The Republic: Issue 3 – Culture in the Republic, Part One
Issue 3, July 2003

Recently, the Deputy Leader of Fine Gael likened the position of his party to that of Birmingham City, a relatively obscure English football team—they were starting in a lowly position, reorganisation and advance would not be immediate, but they would improve gradually given time. It is interesting that a senior Irish politician felt that this comparison would be a meaningful and effective means of communication with the Irish people. It assumed that everyone would know what he was talking about and that it would be acceptable and unproblematic.

This cameo serves as an indicator of where we stand today. From one perspective, there is clear provincialism and cultural domination: not only is the comparison located within a narrowly English context, it is also with a comparatively minor team of little newsworthiness even in England. This pattern is repeated elsewhere in the Irish media, where the weekly turns in the Premiership are frequently headline items, displacing news about social, economic and political affairs in Ireland.

Yet, England and Britain are our nearest neighbours, and our history is intimately bound up with theirs, so that there is no escaping the mutual influences and interactions that have linked us to each other over many centuries.
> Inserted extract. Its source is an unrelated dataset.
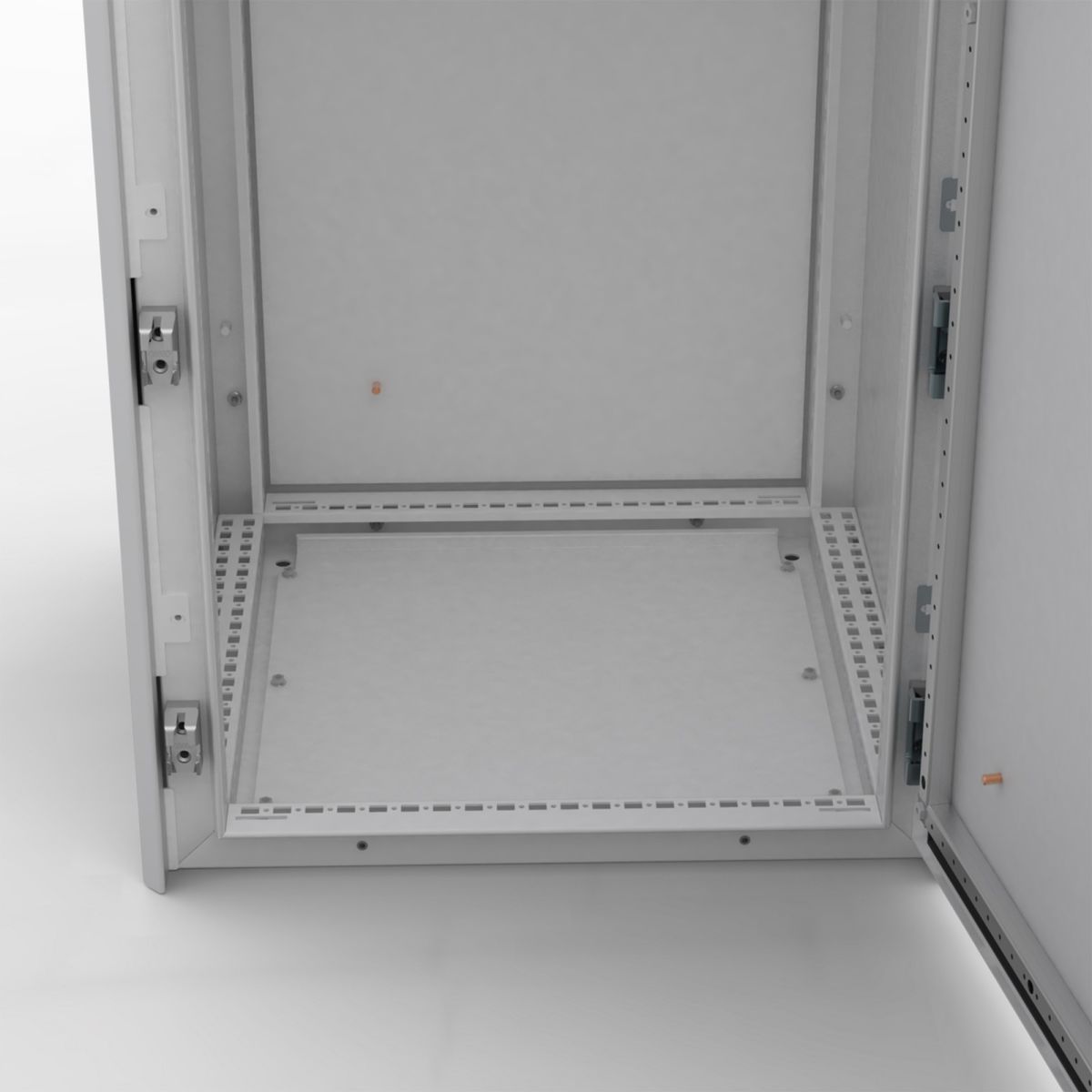 Bodenplatte, 800x600 CBPA086 Bodenplatte, 800x600 CBPA086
While these relations have often been difficult and problematic, involving power and domination, they cannot be contained in any one-dimensional narrative of ‘eight hundred years of oppression’. Perhaps understandably, given the trauma associated with the efforts to carve out a sphere of Irish autonomy, and perhaps because of the seemingly ‘obvious’ correlation of political autonomy with cultural autonomy, an ideological drive for cultural separation was a feature both before and after 1922.

From another perspective, Richard Bruton’s Birmingham comparison can be seen as a sign of increasing ease between the two islands and a greater maturity in our attitudes. It is not so long since soccer was frowned upon as a foreign sport, nor since there was a large degree of defensiveness surrounding Irish culture—the resulting protectionism (whether manifested in bans on foreign games or in notions of a pure Irish tradition) has faded to a large extent, although it may have transformed itself into exaggerated ideas of Irish exceptionalism and uniqueness.
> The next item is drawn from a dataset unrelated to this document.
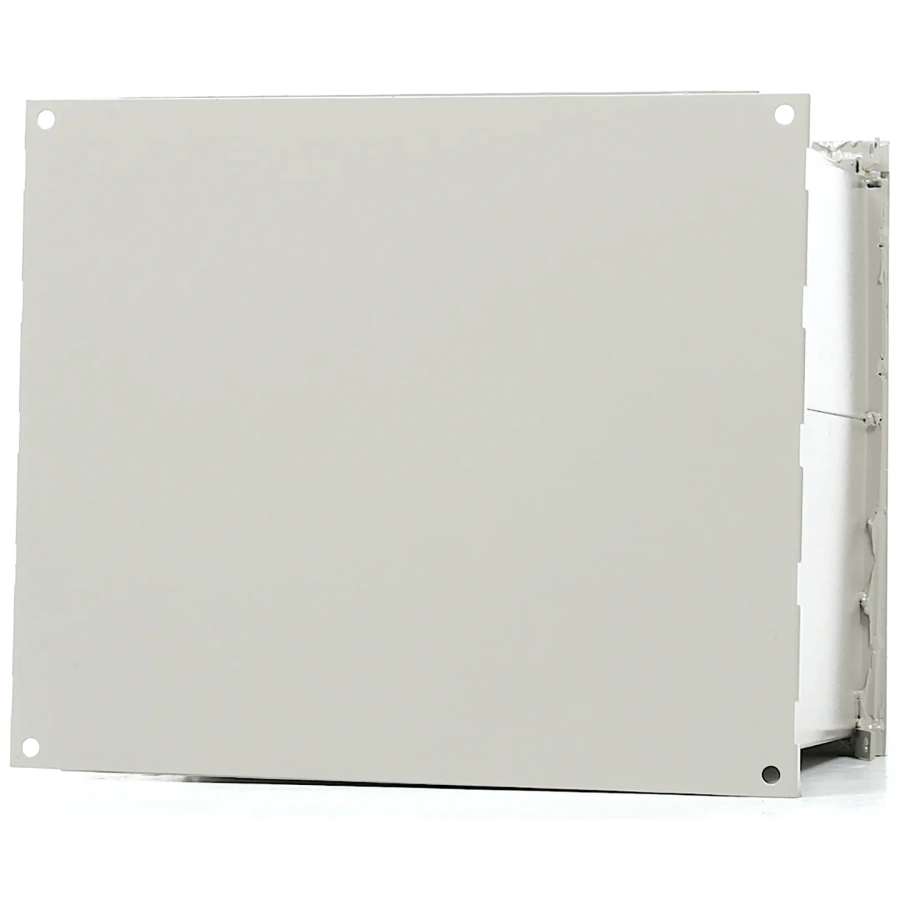 Сейф Valberg AW-1 3329 EL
A different set of questions arises from the huge prominence now given to all sports in Irish public culture. Apart from displacing other news stories, there is a cumulative effect from treating sport and news as of equivalent importance and relevance. A news bulletin that includes items on war, international politics and economic affairs, on the one hand, and items on football matches, horse races and golf, on the other, is perhaps making claims about what is important to society and the relative weights it attaches to different categories of news. If the war on Iraq or the treatment of prisoners in Guantanamo Bay is of no more importance than the result of a football match, what does this say about society’s priortities and its will to act?

Some of these matters are addressed in issues three and four of The Republic, both of which deal with culture and republicanism. Several of the writers insist that the cultural sphere is not autonomous and does not exist outside an economic, social and political context. Further, they argue, while culture occupies an increasing share of public discourse, culture is not determining of society or its other spheres. And if all the writers acknowledge the importance of culture, most of them are relaxed about it and suggest that if political solutions are found to political problems, economic solutions to economic problems, and so on, then culture will find its own forms and means of expression in a society at ease with itself.

Whether culture can play an integrative role in increasingly diverse societies is also discussed, and aspects of how culture deals with and affects groups such as children or Travellers and areas such as human rights and science are considered. Other essays address matters concerned with music and literature and republicanism. Issue four of The Republic will include articles that consider the changing global and international context as it affects culture, nations and republicanism.

It is not intended to present a comprehensive and systematic account of culture and its relationship with the republic. Instead, a broad range of issues are addressed, and somewhere in their scope and variety it is hoped that we will come to a better appreciation of the multi-faceted and complex relationships between culture and society.